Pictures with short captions
........

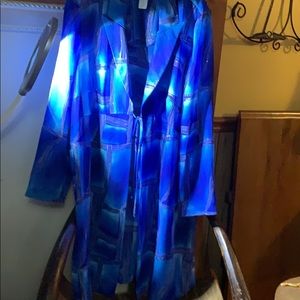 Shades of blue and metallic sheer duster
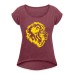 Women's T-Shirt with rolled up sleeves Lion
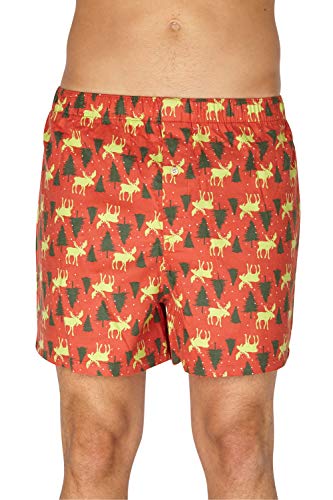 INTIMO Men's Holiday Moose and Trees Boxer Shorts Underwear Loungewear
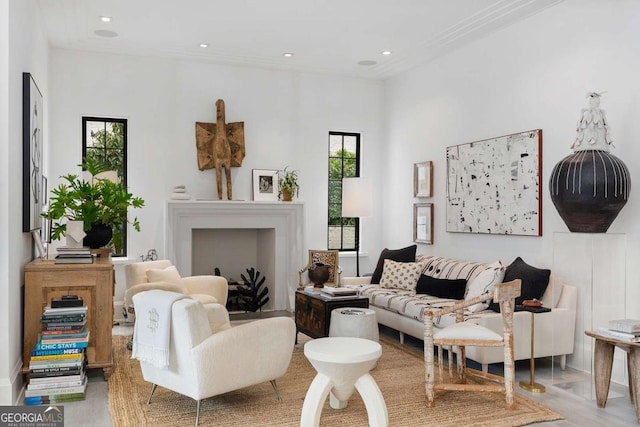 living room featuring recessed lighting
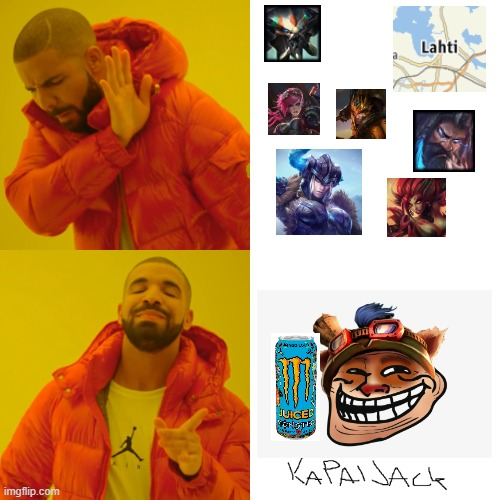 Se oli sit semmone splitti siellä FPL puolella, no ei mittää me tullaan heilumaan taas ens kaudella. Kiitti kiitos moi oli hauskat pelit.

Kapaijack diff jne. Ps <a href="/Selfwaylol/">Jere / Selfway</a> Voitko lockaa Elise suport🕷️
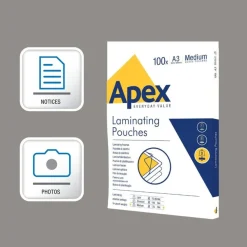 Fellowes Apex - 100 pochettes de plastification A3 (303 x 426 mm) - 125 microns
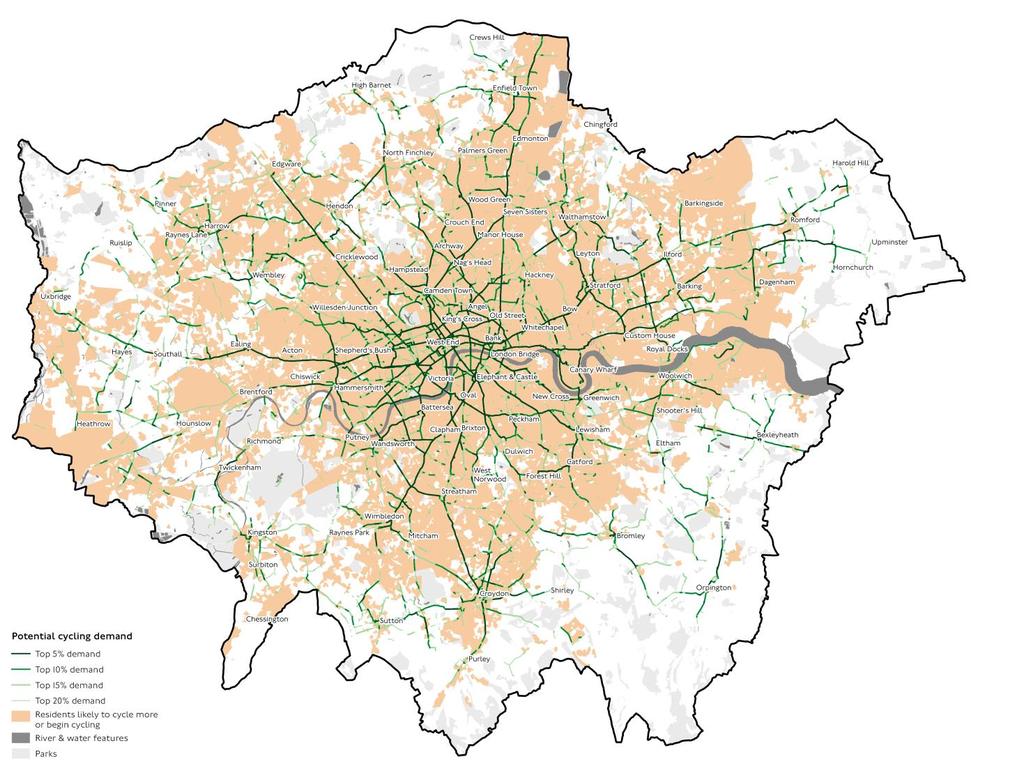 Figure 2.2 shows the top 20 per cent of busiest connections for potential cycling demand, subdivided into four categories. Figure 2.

........

→ ABOUT THIS EXERCISE
Your task is to repeat exactly the lines from the beginning of the data to the line that contains "living room featuring recessed lighting", both ends included, leaving out pictures.

→ TASK RESULT
 Shades of blue and metallic sheer duster
 Women's T-Shirt with rolled up sleeves Lion
 INTIMO Men's Holiday Moose and Trees Boxer Shorts Underwear Loungewear
 living room featuring recessed lighting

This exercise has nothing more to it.